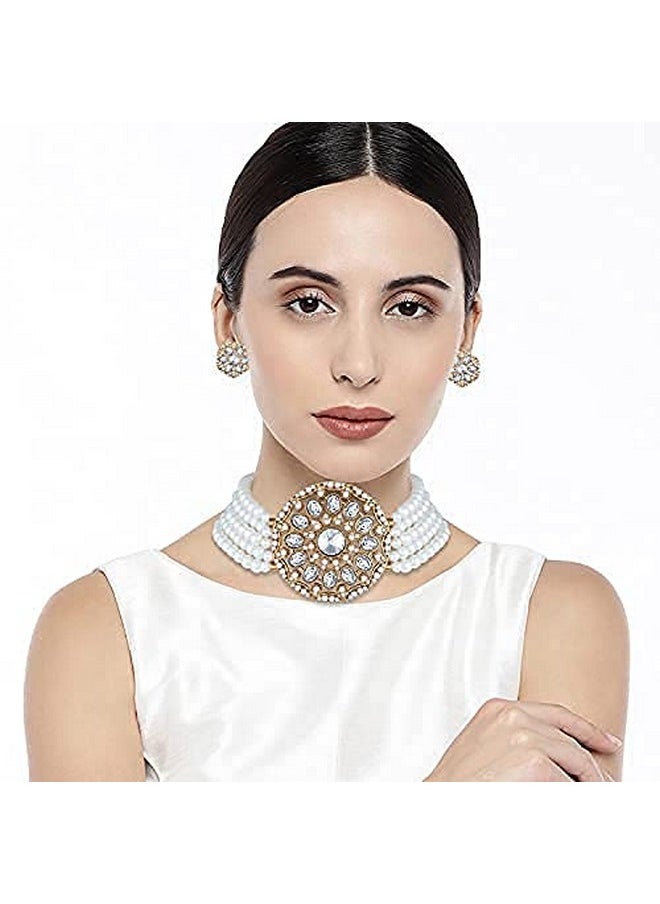 Aheli - Kundan Pearl Choker Multi Layered Beaded Necklace Earrings Set Indian Traditional Wedding Jewelry For Women Girls (White) - Image 1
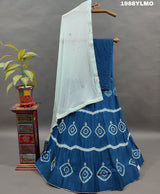 A Pure Upada Silk lehenga set with bandhani pattern and cutdana work
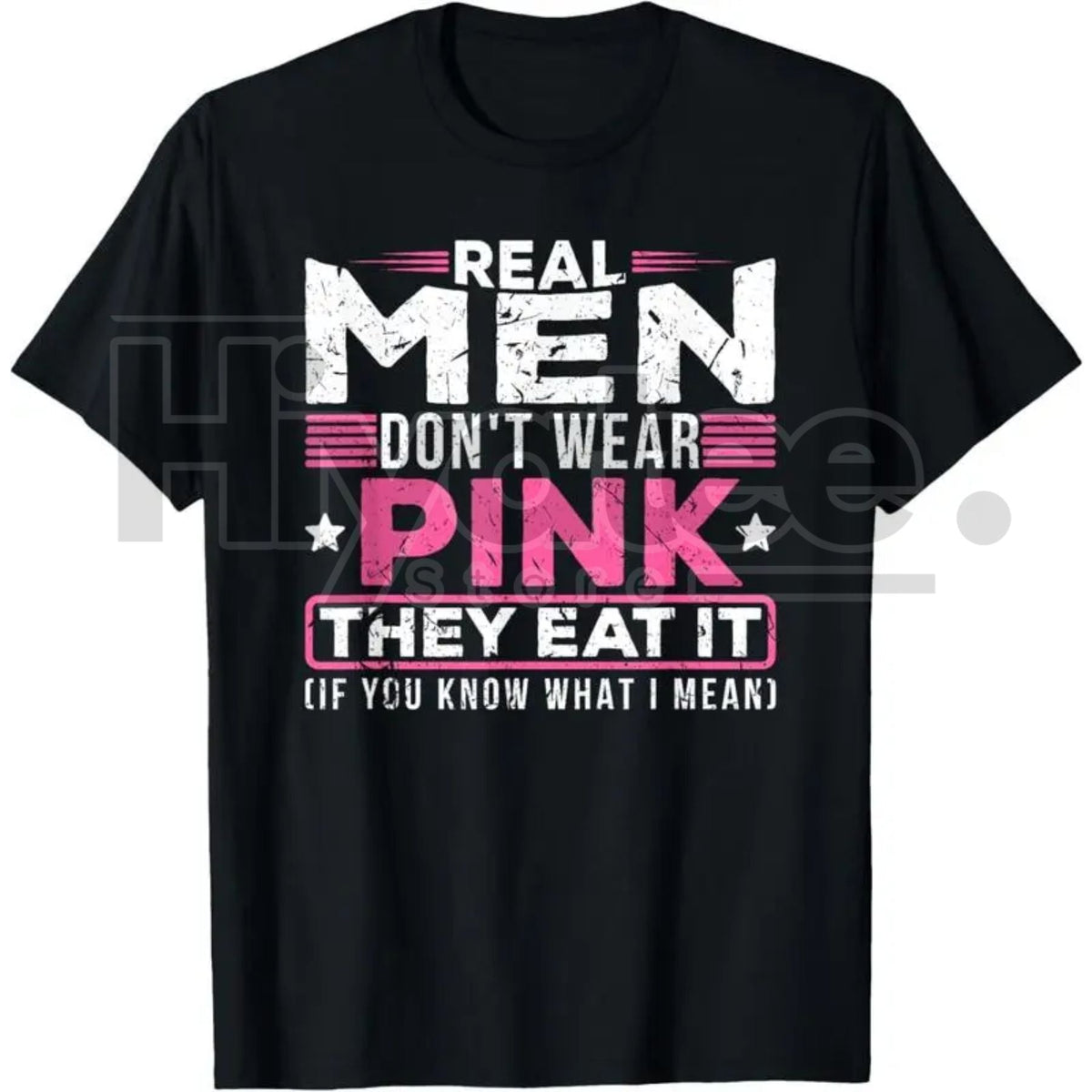 "Real Men Don't Wear Pink" Classic T-Shirt – Funny Sarcastic Cat Graphic Tee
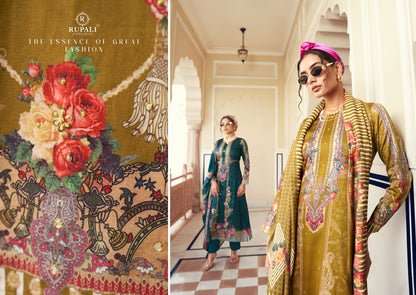 Yashika Rupali Jaam Satin Pant Style Suits Wholesaler Gujarat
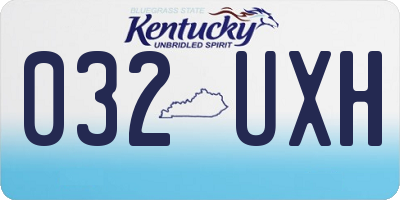 KY license plate 032UXH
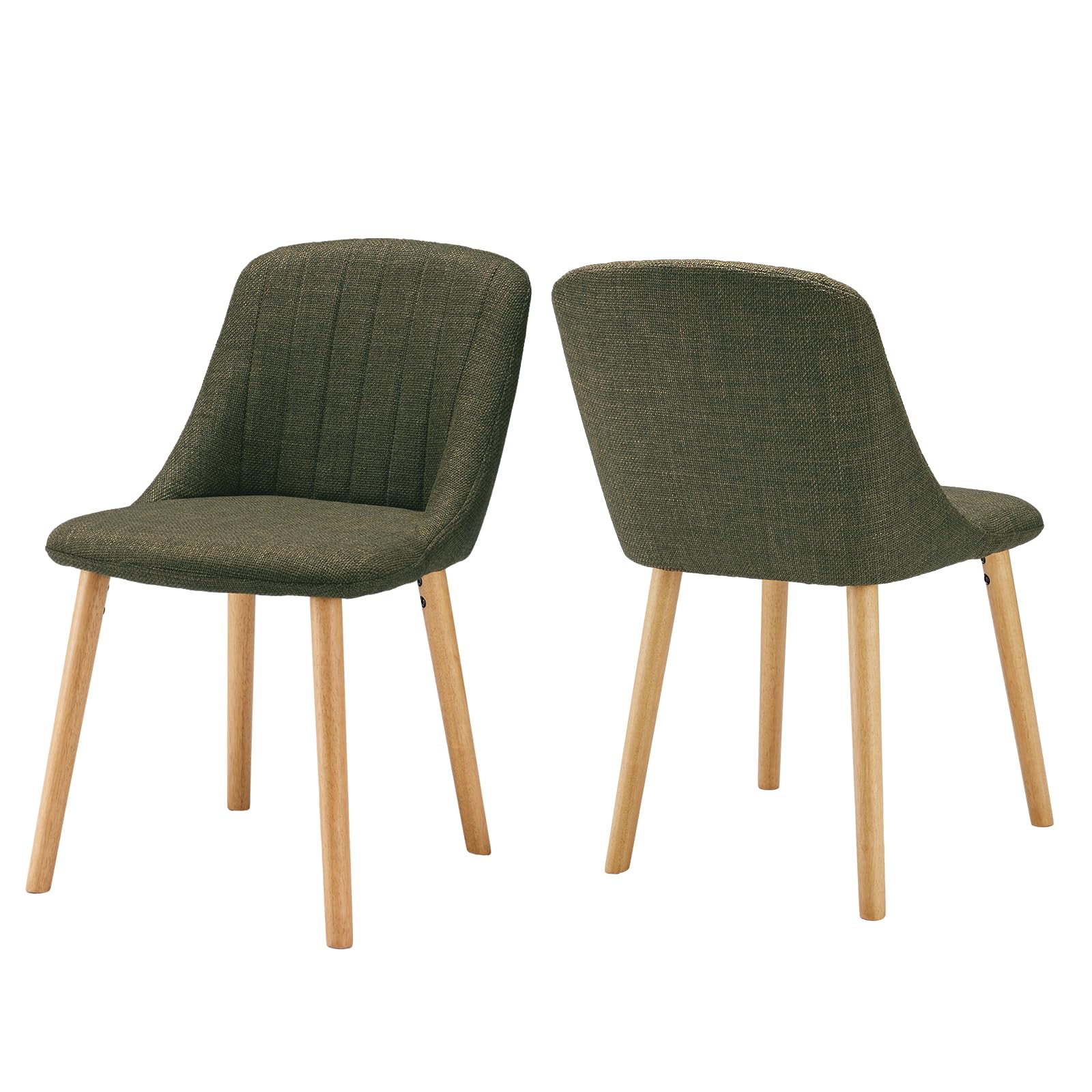 Esszimmerstühle Beige 4er Set Holzbeine Polsterstuhl Küchenstuhl aus Polyester Stühle Esszimmer Wohnzimmerstuhl für Esszimmer Küche Büro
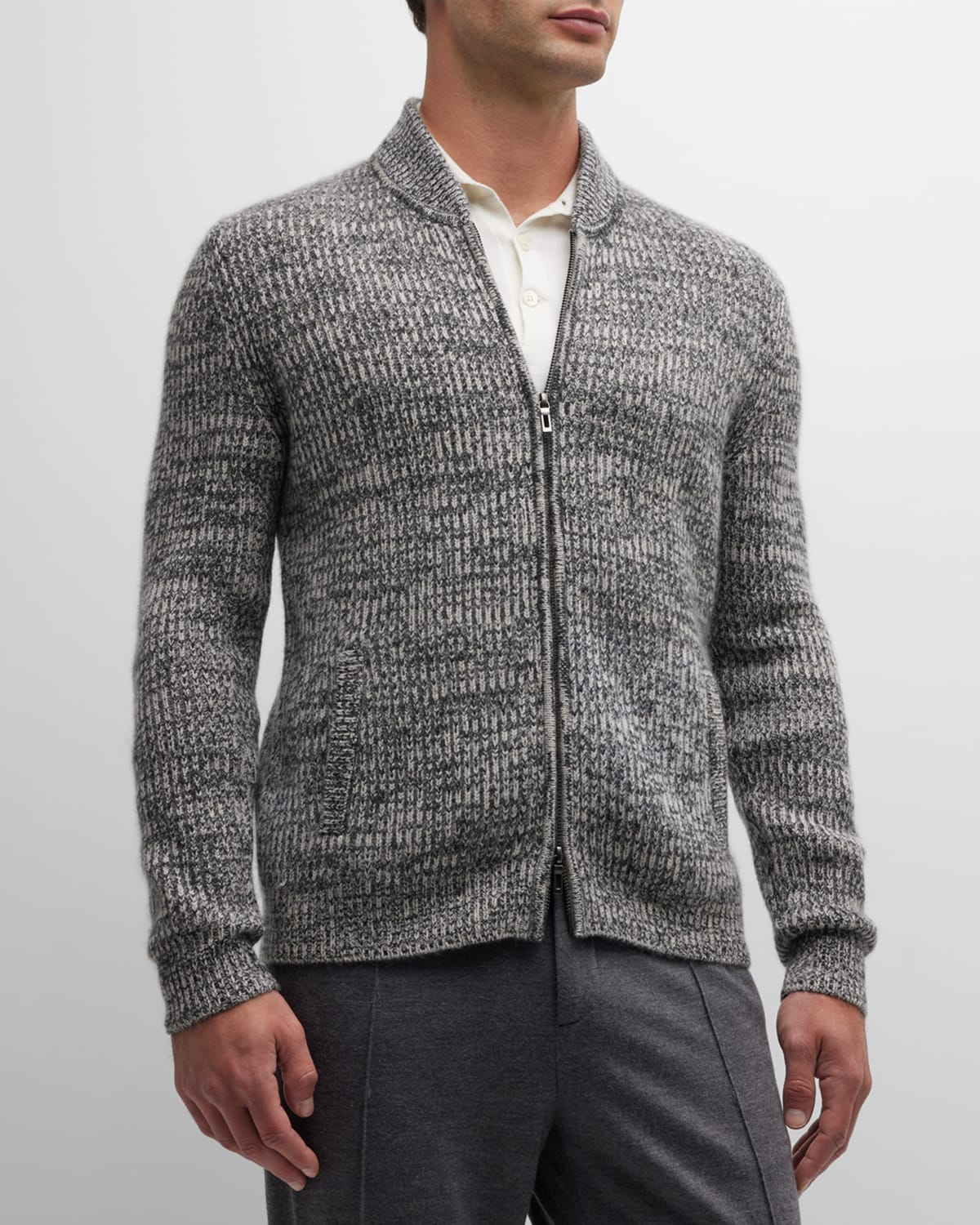 Neiman Marcus Cashmere Collection Men's Cashmere Waffle Knit Quarter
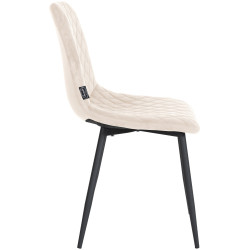 Fauteuil Telde, velours, crème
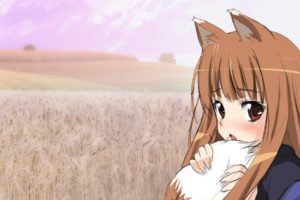 brunettes, Tails, Spice, And, Wolf, Fields, Nekomimi, Animal, Ears, Red, Eyes, Blush, Open, Mouth, Holo, The, Wise, Wolf, Skies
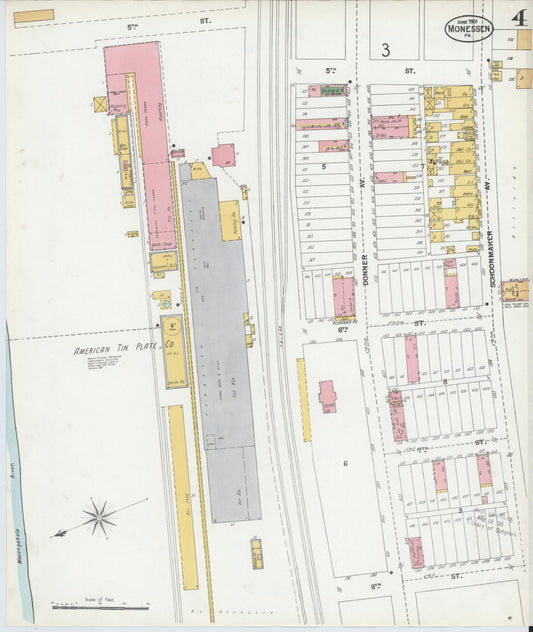Sanborn Fire Insurance Map from Monessen, Westmoreland County, Pennsylvania (1901), Sheet #0004 - Historic Sanborn Fire Insurance Map Print, vintage old map wall art, antique decor, genealogy gift, Pennsylvania Pennsylvania map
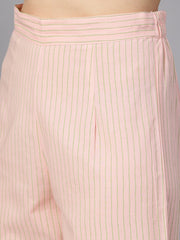 Peach printed floral round neck 3/4th sleeve straight kurta with stripped pants and printed kurta.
____
## Task item
Leave out the pictures and return, exactly as written, only the lines from the line with "Sanborn Fire Insurance Map from" through the end of the records above.

## Answer to this exercise
Sanborn Fire Insurance Map from Monessen, Westmoreland County, Pennsylvania (1901), Sheet #0004 - Historic Sanborn Fire Insurance Map Print, vintage old map wall art, antique decor, genealogy gift, Pennsylvania Pennsylvania map
 Peach printed floral round neck 3/4th sleeve straight kurta with stripped pants and printed kurta.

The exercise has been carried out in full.